### Records supplied
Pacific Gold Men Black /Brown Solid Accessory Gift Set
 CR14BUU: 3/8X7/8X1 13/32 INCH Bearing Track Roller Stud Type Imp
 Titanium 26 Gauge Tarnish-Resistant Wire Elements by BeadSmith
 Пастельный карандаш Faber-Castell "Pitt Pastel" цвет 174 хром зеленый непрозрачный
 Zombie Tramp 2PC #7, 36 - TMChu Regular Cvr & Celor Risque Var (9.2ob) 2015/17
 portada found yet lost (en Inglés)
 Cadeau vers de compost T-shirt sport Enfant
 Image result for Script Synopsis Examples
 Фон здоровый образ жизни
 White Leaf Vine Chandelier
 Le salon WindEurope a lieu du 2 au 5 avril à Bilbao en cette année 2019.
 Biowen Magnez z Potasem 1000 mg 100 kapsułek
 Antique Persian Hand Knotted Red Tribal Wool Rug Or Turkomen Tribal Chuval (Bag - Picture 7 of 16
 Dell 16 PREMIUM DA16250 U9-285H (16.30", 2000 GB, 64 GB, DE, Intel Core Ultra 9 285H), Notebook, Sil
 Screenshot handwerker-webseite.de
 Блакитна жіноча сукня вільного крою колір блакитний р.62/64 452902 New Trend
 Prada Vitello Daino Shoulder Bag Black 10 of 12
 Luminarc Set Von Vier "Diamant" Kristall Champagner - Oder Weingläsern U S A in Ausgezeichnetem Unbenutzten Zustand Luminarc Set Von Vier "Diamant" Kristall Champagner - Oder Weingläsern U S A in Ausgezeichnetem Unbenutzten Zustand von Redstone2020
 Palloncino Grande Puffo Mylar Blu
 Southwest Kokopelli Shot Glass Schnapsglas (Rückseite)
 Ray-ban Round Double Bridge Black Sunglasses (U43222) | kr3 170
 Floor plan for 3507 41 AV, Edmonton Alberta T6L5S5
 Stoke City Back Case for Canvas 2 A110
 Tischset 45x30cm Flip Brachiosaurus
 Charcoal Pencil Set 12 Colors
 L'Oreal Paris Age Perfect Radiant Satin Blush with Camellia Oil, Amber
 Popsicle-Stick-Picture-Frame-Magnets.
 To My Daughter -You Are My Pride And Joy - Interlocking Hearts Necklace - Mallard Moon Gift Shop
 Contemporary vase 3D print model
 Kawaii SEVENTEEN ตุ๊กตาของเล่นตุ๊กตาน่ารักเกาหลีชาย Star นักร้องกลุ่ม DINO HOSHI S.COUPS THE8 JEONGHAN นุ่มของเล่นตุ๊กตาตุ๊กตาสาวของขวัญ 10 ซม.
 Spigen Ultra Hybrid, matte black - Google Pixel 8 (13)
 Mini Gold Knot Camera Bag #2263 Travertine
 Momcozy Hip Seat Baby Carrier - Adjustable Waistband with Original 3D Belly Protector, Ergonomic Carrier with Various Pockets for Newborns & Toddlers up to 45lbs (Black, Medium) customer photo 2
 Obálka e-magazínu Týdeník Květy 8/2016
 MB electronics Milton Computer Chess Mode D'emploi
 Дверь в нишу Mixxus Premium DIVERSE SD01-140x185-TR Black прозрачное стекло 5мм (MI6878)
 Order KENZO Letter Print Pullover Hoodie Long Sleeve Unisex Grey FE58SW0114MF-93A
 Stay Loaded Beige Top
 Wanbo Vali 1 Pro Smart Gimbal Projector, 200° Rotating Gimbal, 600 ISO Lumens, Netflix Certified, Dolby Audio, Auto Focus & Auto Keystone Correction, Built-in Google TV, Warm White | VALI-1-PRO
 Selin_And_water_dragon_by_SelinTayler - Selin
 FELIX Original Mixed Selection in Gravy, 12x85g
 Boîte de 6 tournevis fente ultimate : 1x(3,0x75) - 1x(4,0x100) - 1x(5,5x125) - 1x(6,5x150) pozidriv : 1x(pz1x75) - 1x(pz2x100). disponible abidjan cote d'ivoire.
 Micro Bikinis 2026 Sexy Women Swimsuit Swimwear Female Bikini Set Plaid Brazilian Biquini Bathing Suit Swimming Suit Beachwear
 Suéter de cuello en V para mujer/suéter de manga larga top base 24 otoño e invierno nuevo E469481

### Exercise
Look through the entries above and quote exactly the lines from the line with "Stay Loaded Beige Top" to the line with "Micro Bikinis 2026", counting both of those lines.

### Output below
 Stay Loaded Beige Top
 Wanbo Vali 1 Pro Smart Gimbal Projector, 200° Rotating Gimbal, 600 ISO Lumens, Netflix Certified, Dolby Audio, Auto Focus & Auto Keystone Correction, Built-in Google TV, Warm White | VALI-1-PRO
 Selin_And_water_dragon_by_SelinTayler - Selin
 FELIX Original Mixed Selection in Gravy, 12x85g
 Boîte de 6 tournevis fente ultimate : 1x(3,0x75) - 1x(4,0x100) - 1x(5,5x125) - 1x(6,5x150) pozidriv : 1x(pz1x75) - 1x(pz2x100). disponible abidjan cote d'ivoire.
 Micro Bikinis 2026 Sexy Women Swimsuit Swimwear Female Bikini Set Plaid Brazilian Biquini Bathing Suit Swimming Suit Beachwear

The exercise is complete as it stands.